What needs to be done => When you reach the line that contains "Click Change Key", set down that line and every one after it through the end of the records, exactly as written and with no pictures.
----- Exercise materials -----
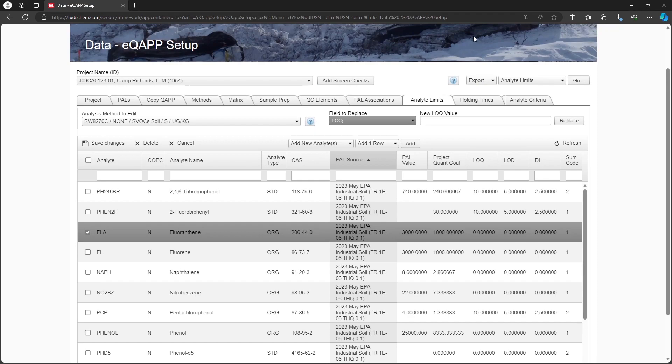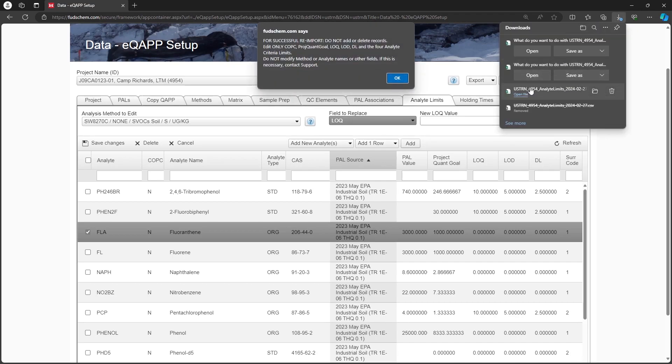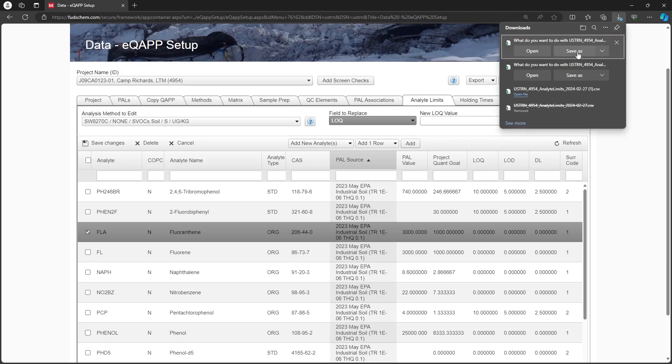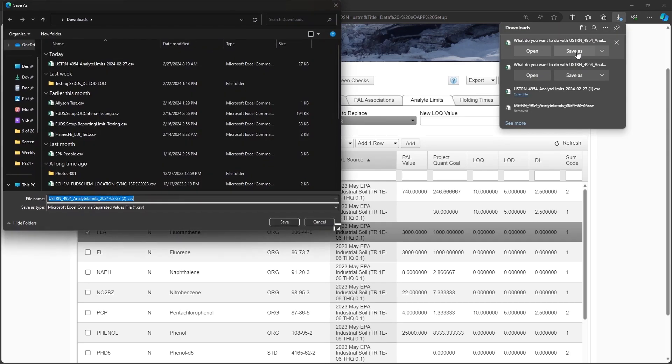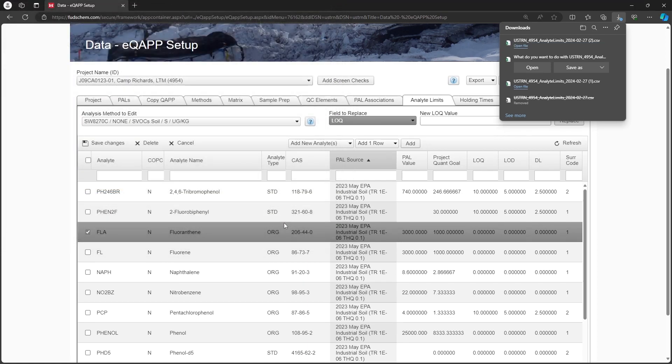In the upper right, set the drop-downs to Export, Analyte Limits, then click Go. The system will display a warning that you can only edit certain fields in the spreadsheet. Be careful not to add or remove any Analytes from the spreadsheet. Similarly, be careful not to add or remove Analytes from the EQAP before you have had a chance to reimport this file.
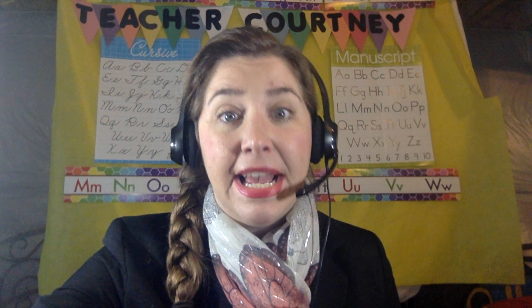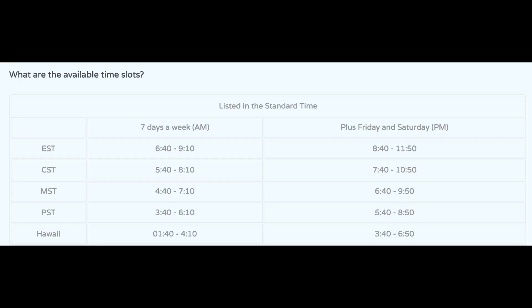You're going to submit your hiring materials. What's required? Your resume, your screenshot of your computer specs from the blog post below, your availability showing what classes you can teach, and then your intro video.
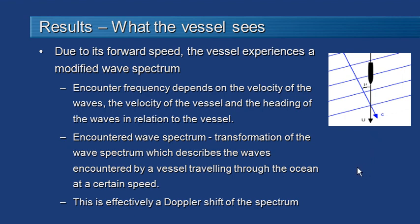This means there's a transformation that happens so that as we go through the wave spectrum at a certain speed there's effectively a Doppler shift of the spectrum which compresses the wavelength. The actual frequency that the vessel sees is higher than the frequency in the natural sea state.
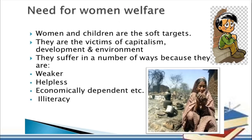Child welfare programs are needed because women and children are considered soft targets — they can be easily harassed and made victims. They are victims of capitalism, development, and environmental issues. Whenever factories are set up or environmental issues arise, women and children are the worst affected. They suffer because they are considered weaker. However, this idea is changing — in the past, women were not recruited in the army, but now women are working in the army.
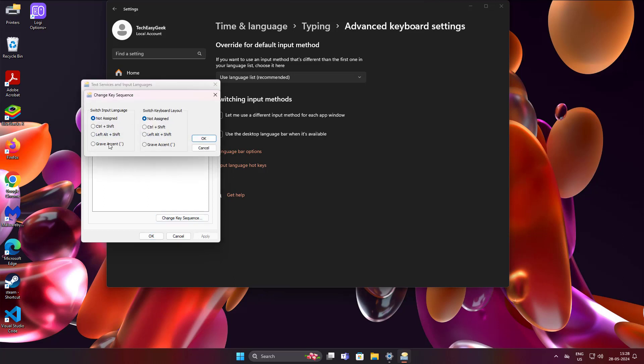Click Change Key Sequence. Check Left Alt and Shift. Click OK.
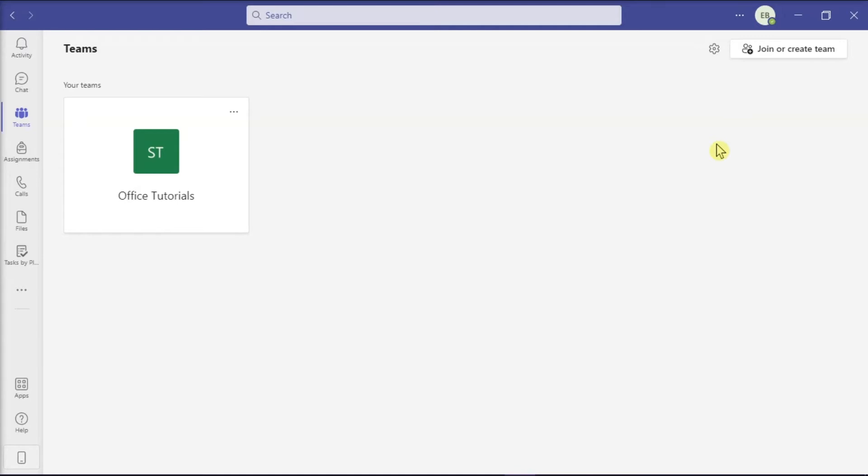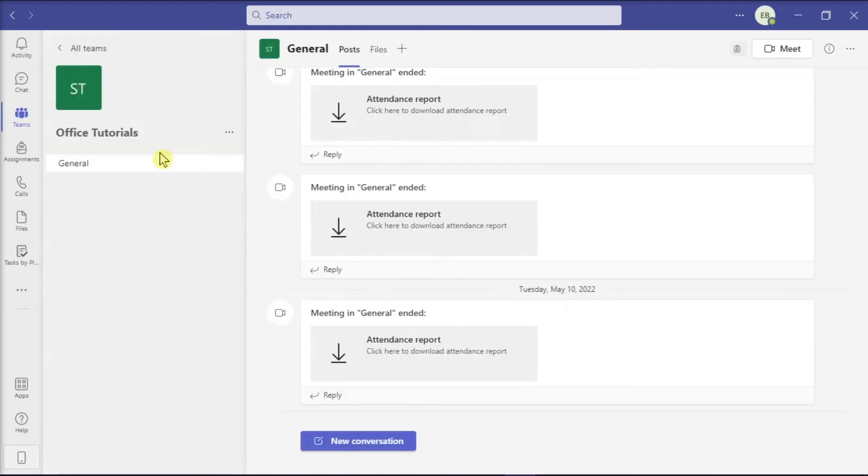So to access it, start by launching your Microsoft Teams and then go to your Teams channel. Once you're on this page, select the Files tab on the top portion of your screen.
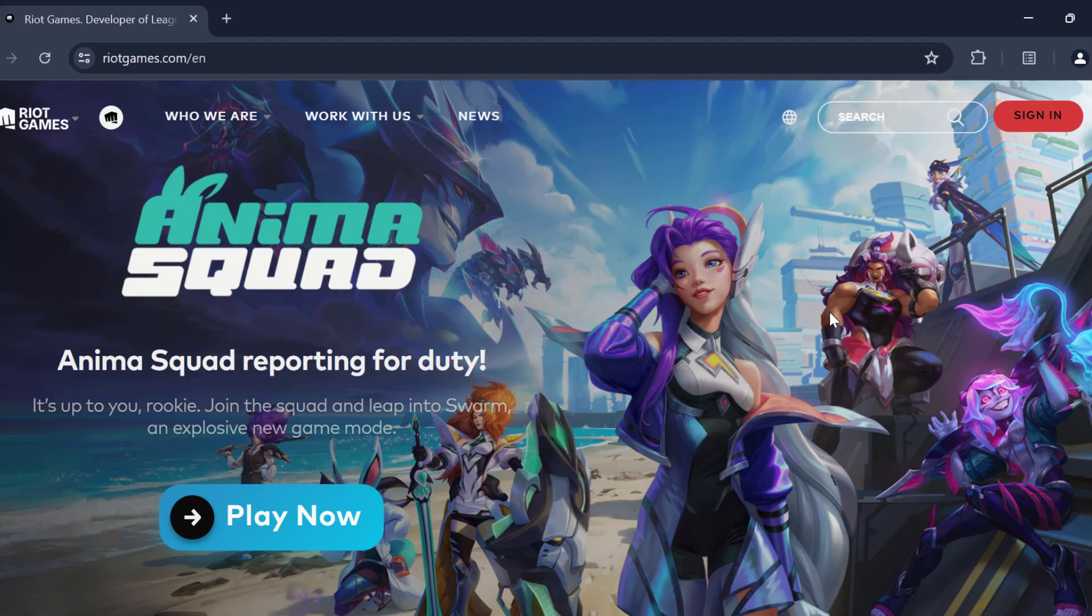To download the Riot client you need to login to your Riot client account. To do this, select sign in.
-----
Written response =>
Click Change Key Sequence. Check Left Alt and Shift. Click OK.
So to access it, start by launching your Microsoft Teams and then go to your Teams channel. Once you're on this page, select the Files tab on the top portion of your screen.
To download the Riot client you need to login to your Riot client account. To do this, select sign in.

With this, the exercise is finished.